Review
Chapter 13-15 & 17
Review
Chapter 13: Qualitative Data Analysis
The
Practice of Social Research (11th Edition)
By Earl Babbie
Earl Babbie membagi bab terkait—Analisis Data Kualitatif—ke dalam empat subbab, antara lain; Menghubungkan antara Teori dengan Analisis,
Memproses Data Kualitatif, Program Komputer untuk Data Kualitatif
serta Analisis Kualitatif untuk Data
Kuantitatif.
Dalam subbab pertama, Babbie menjelaskan bahwa analisis
kualitatif merupakan hubungan yang berkesinambungan dan saling mempengaruhi
antara teori dengan analisis. Lebih jauh, analisis data kualitatif bertujuan
untuk menemukan pola yang telah berubah dari waktu ke waktu, berikut berbagai “hubungan
memungkinkan” yang terjadi antara variabel-variabel yang ada. Mengutip John dan
Lyn Lofland, Babbie mengemukakan enam cara yang berbeda guna menemukan berbagai
pola yang ada, Ia memisalkannya pada kasus kekerasan anak di lingkungan tempat
tinggal, berbagai cara guna menemukan pola tersebut antara lain;
1.
Frequencies: Berdasarkan berbagai studi yang pernah dilakukan, seberapa sering kasus
kekerasan anak terjadi di lingkungan tempat tinggal?
2.
Magnitudes: Bagaimana tingkat kekerasan tersebut? Seberapa brutalkah?
3.
Structures: Apa saja tipe-tipe kekerasan yang terjadi; fisik, mental, seksual?

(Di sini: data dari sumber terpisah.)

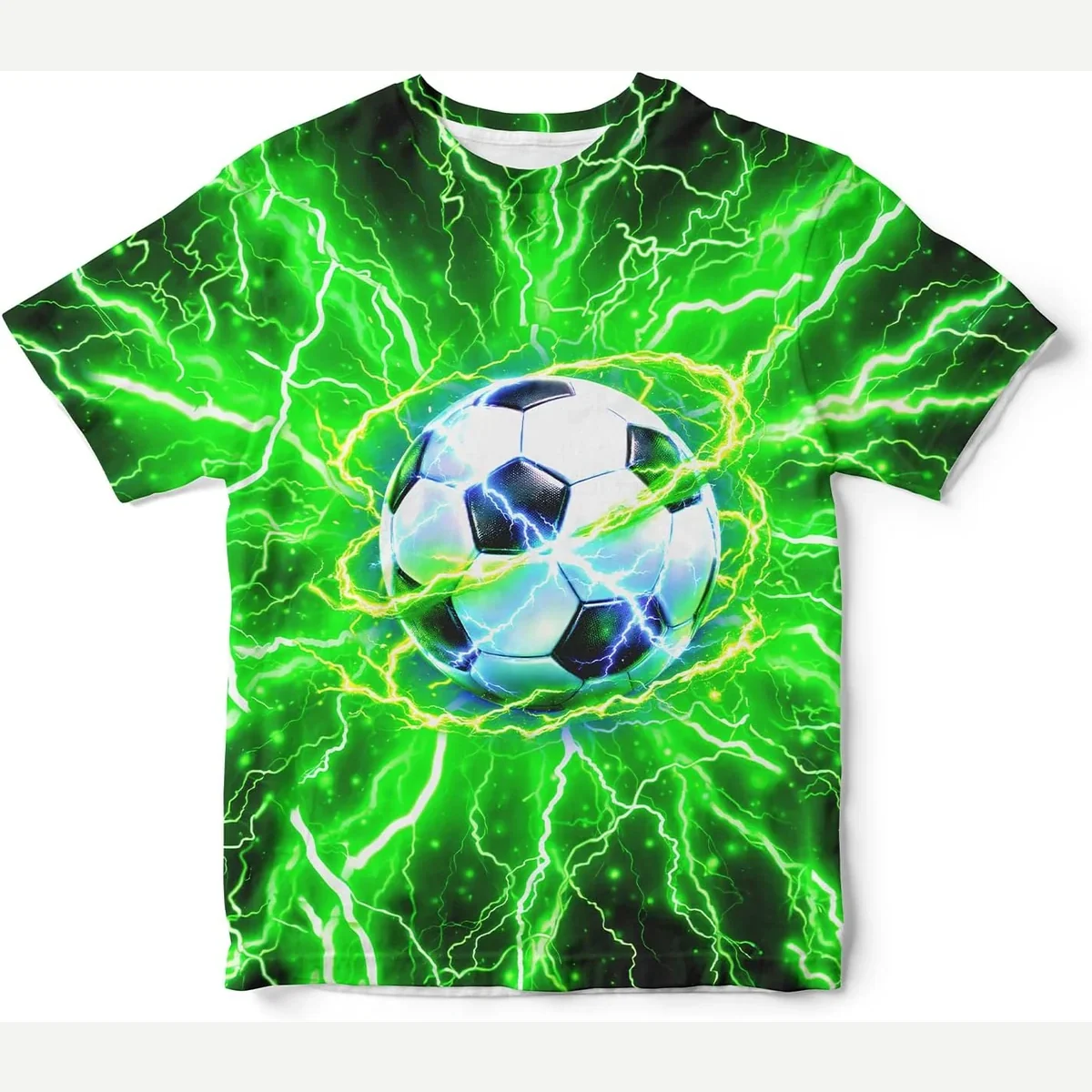 3D Neon Lightning Tshirts Tees Jerseys print by Ldvjkx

Apakah hal tersebut tampak melalui perilaku yang ditunjukkan korban?
4.
Processes: Apakah terdapat elemen/tingkatan yang terstruktur dalam peristiwa? Apakah
dimulai dari kekerasan mental, berubah menjadi kekerasan fisik, kemudian
beralih pada kekerasan seksual? Atau mungkin ditemui variasi lainnya?
5.
Causes:
Apakah penyebab terjadinya kekerasan pada anak? Apakah itu merupakan perihal
yang lumrah dalam suatu kelas masyarakat, agama atau etnis tertentu? Apakah hal
itu lebih sering terjadi pada situasi dan kondisi yang tengah baik ataukah
buruk?
6.
Consequences: Seberapa besar kekerasan tersebut berdampak pada anak, baik terjadi
dalam periode singkat maupun panjang? Apa sajakah perubahan yang tampak dari diri
korban akibat kekerasan tersebut?
Dalam pemeriksaan data, kita akan menemukan pola-pola lain
yang muncul akibat variasi lintas observasi dan merepresentasikan tipe kasus
yang berbeda dari studi. Menurut Michael Huberman dan Matthew Miles, hal
tersebut dapat dipecahkan dengan menentukan dua bentuk analisis lintas studi: variable-oriented analysis ataukah case-oriented analysis. Apabila kita
menggunakan bentuk yang pertama, variable-oriented
analysis, maka analisis berkecenderungan untuk mendeskripsikan dan
menjelaskan variabel-variabel yang ada. Sedangkan, apabila case-oriented analysis yang digunakan, maka analisis lebih
berorientasi pada penjelasan satu atau beberapa kasus berdasarkan pengamatan
yang seksama di setiapnya.
Lebih jauh, adapun pendekatan yang dapat digunakan untuk
mengungkap dan menjelaskan berbagai pola tersebut antara lain dengan
menggunakan metode grounded theory, semiotika
dan analisis percakapan. Metode Grounded Theory (GTM/Grounded Theory Method) merupakan pendekatan
induktif (khusus-umum) dalam penelitian, untuk pertama kalinya diperkenalkan
oleh Barney Glaser dan Anselm Strauss, bagi pendekatan ini teori merupakan hasil
generalisasi pengamatan data ketimbang penempatannya (teori) secara deduktif
(umum-khusus). Semiotika (Semiotics) merupakan studi mengenai tanda
atau simbol berikut pemaknaan yang melekat padanya, studi tersebut tak lepas
dari konteks analisis yang tengah dilakukan. Analisis Percakapan (CA/Conversation
Analysis) merupakan analisis yang cermat terhadap setiap detail percakapan
dengan subyek yang diteliti, didasarkan pada transkrip yang lengkap termasuk ketika
percakapan subyek tengah terhenti, ragu-ragu dan juga tertawa.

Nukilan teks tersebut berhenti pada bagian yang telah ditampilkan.